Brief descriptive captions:
###

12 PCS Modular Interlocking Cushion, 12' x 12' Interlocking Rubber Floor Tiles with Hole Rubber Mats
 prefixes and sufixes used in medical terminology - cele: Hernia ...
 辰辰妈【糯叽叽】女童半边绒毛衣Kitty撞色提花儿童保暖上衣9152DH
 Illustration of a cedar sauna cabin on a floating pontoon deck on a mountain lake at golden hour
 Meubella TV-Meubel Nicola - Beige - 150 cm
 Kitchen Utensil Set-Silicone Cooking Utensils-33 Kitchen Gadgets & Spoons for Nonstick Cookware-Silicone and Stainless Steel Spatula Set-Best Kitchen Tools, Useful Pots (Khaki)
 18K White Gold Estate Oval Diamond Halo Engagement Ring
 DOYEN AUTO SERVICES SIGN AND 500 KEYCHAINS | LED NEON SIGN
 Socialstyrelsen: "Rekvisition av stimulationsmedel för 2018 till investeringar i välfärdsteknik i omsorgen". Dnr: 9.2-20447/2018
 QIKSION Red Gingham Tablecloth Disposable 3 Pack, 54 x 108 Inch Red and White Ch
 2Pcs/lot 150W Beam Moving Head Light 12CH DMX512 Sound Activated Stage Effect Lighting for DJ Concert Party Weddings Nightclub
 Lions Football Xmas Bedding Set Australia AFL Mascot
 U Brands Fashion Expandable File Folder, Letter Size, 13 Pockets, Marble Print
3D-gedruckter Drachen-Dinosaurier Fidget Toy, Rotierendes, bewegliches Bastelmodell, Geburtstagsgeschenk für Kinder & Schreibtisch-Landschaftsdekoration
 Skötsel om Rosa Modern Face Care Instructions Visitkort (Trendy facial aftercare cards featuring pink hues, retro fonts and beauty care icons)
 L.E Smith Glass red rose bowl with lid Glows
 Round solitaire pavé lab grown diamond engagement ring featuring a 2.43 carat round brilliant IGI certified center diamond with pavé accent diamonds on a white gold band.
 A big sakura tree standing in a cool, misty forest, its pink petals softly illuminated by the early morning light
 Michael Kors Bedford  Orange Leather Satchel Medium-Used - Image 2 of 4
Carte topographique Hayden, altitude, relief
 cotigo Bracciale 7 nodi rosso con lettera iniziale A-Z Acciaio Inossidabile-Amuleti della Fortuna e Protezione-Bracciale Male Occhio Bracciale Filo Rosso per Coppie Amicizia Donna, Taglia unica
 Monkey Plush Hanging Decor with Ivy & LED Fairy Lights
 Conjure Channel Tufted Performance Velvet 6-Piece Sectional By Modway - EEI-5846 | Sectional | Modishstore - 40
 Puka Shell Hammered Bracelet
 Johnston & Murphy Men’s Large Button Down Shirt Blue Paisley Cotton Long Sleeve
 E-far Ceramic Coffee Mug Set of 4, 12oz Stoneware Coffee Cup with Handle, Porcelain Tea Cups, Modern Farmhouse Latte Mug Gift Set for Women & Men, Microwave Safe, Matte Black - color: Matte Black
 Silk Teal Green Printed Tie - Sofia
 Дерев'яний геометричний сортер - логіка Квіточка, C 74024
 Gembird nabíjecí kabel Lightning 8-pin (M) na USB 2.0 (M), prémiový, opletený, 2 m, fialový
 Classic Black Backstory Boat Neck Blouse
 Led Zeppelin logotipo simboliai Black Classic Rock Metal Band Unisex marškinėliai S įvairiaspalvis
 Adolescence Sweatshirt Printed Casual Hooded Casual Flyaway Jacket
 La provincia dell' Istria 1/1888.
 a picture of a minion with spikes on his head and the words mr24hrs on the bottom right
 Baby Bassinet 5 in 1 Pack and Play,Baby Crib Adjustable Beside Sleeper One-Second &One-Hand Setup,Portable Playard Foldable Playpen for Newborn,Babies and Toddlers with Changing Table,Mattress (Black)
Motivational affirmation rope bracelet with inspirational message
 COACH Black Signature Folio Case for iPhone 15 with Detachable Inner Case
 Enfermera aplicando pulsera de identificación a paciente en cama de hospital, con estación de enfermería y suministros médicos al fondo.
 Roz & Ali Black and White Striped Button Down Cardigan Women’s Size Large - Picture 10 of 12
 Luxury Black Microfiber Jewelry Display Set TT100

###

### TO DO:
Take the entries above and return only the lines from the one with "cotigo Bracciale 7" to the one with "Monkey Plush Hanging", both included, unchanged.

### SOLUTION:
 cotigo Bracciale 7 nodi rosso con lettera iniziale A-Z Acciaio Inossidabile-Amuleti della Fortuna e Protezione-Bracciale Male Occhio Bracciale Filo Rosso per Coppie Amicizia Donna, Taglia unica
 Monkey Plush Hanging Decor with Ivy & LED Fairy Lights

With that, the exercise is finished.